ASSIGNMENT
From the entries below, return exactly the lines beginning at the one that contains "FORD - FOCUS" and ending at the one that contains "El Levante abre", both of them included, and only those lines.

DATA EXCERPTS
------------------------------------

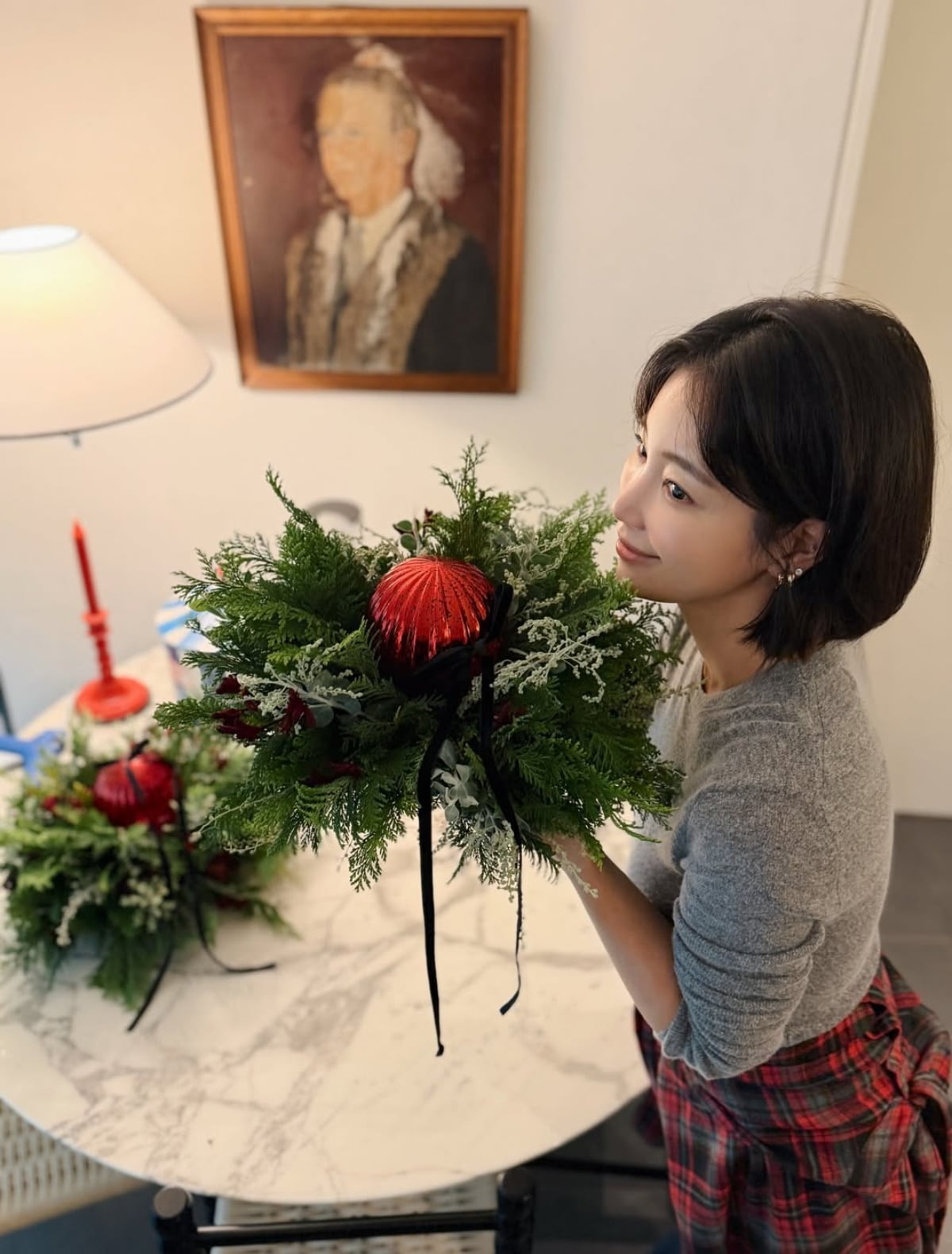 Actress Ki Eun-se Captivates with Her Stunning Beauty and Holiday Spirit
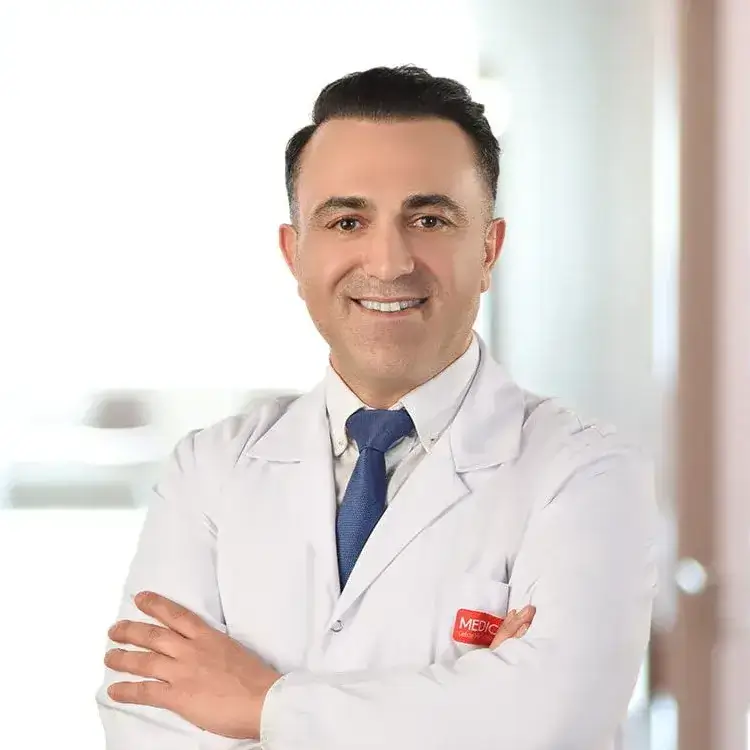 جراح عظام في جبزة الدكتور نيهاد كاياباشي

------------------------------------

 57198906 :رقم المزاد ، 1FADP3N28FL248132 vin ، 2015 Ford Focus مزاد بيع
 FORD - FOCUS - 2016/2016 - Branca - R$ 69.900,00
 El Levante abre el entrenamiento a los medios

------------------------------------

PROBLEM SOLUTION
 FORD - FOCUS - 2016/2016 - Branca - R$ 69.900,00
 El Levante abre el entrenamiento a los medios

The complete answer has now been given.